__Data block__
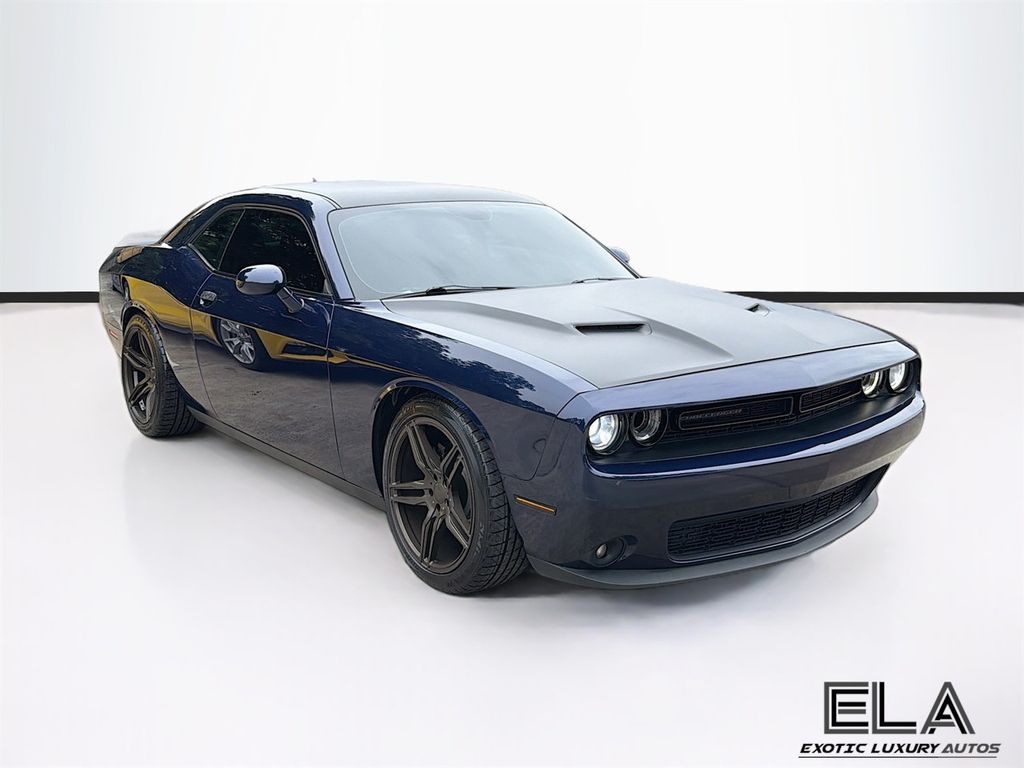 2017 Dodge Challenger SXT - 23029553 - 53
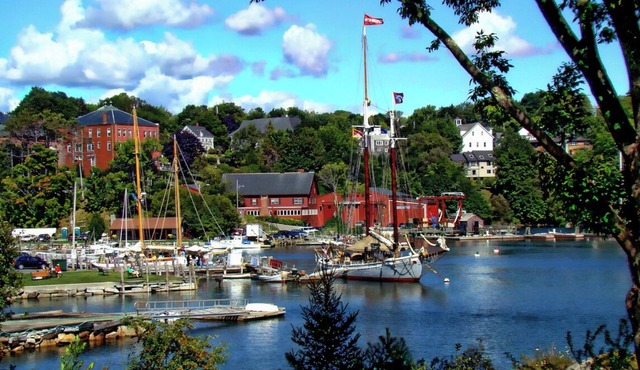 Cozy, Centrally Located Apartment in Rockport, Maine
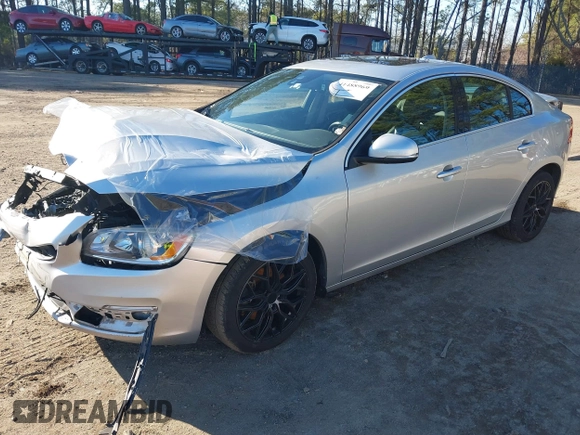 2016 Volvo S60 T5 Drive-E Premier z VIN YV126MFKXG1395519, wystawiony jako IAAI lot #41488969 z przebiegiem 109 130 mil mil oraz . Historia ofert i sprzedaży dostępna na DreamBid. Obrazek 16.
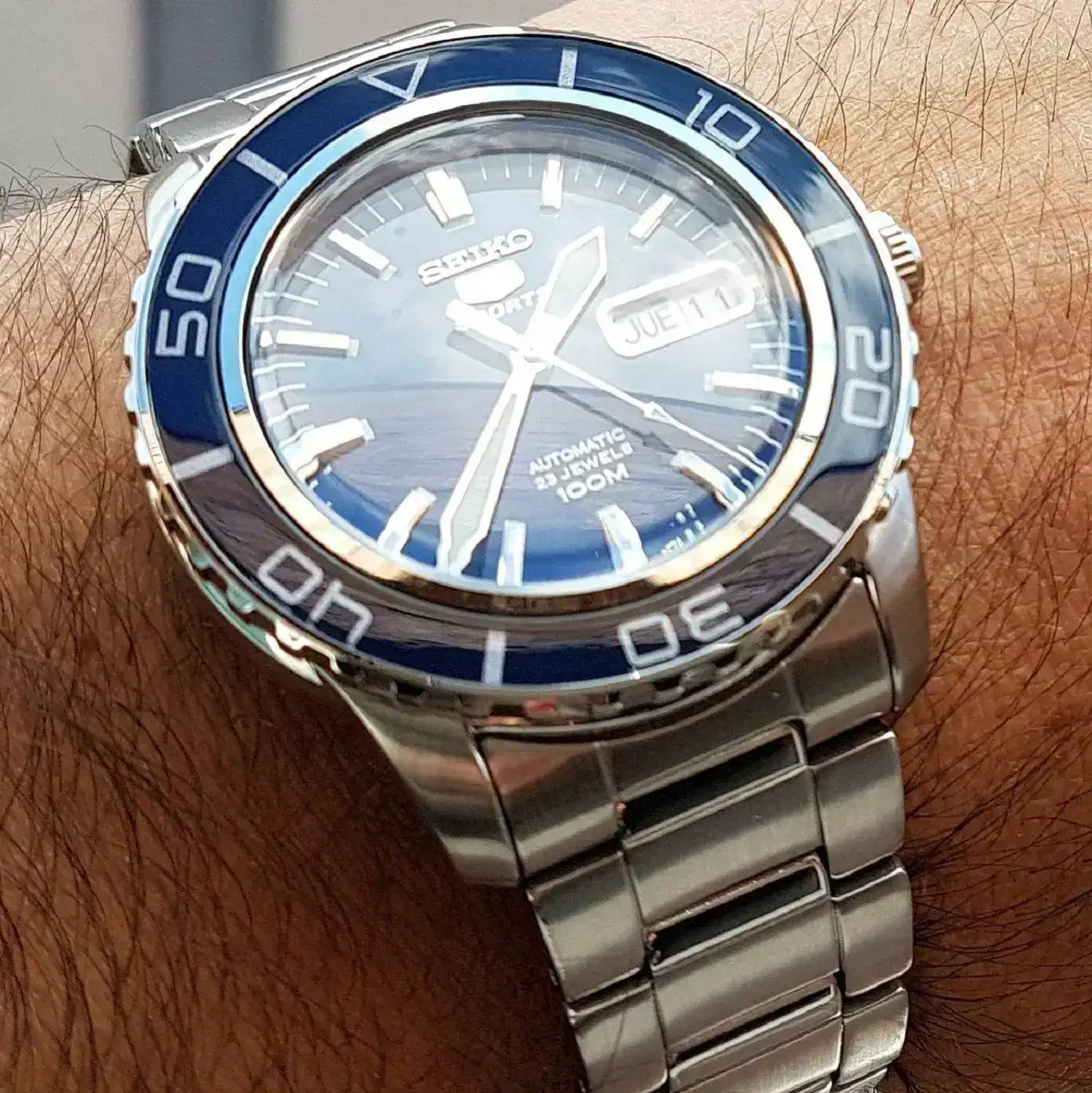 Seiko 5 SNZH53 Cal. 7S36 100M (3).webp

__What you have to do__
Reproduce exactly the line containing "Cozy, Centrally Located" and every line after it in the material above, up to and including the last. Exclude all pictures.

__Response__
 Cozy, Centrally Located Apartment in Rockport, Maine
 2016 Volvo S60 T5 Drive-E Premier z VIN YV126MFKXG1395519, wystawiony jako IAAI lot #41488969 z przebiegiem 109 130 mil mil oraz . Historia ofert i sprzedaży dostępna na DreamBid. Obrazek 16.
 Seiko 5 SNZH53 Cal. 7S36 100M (3).webp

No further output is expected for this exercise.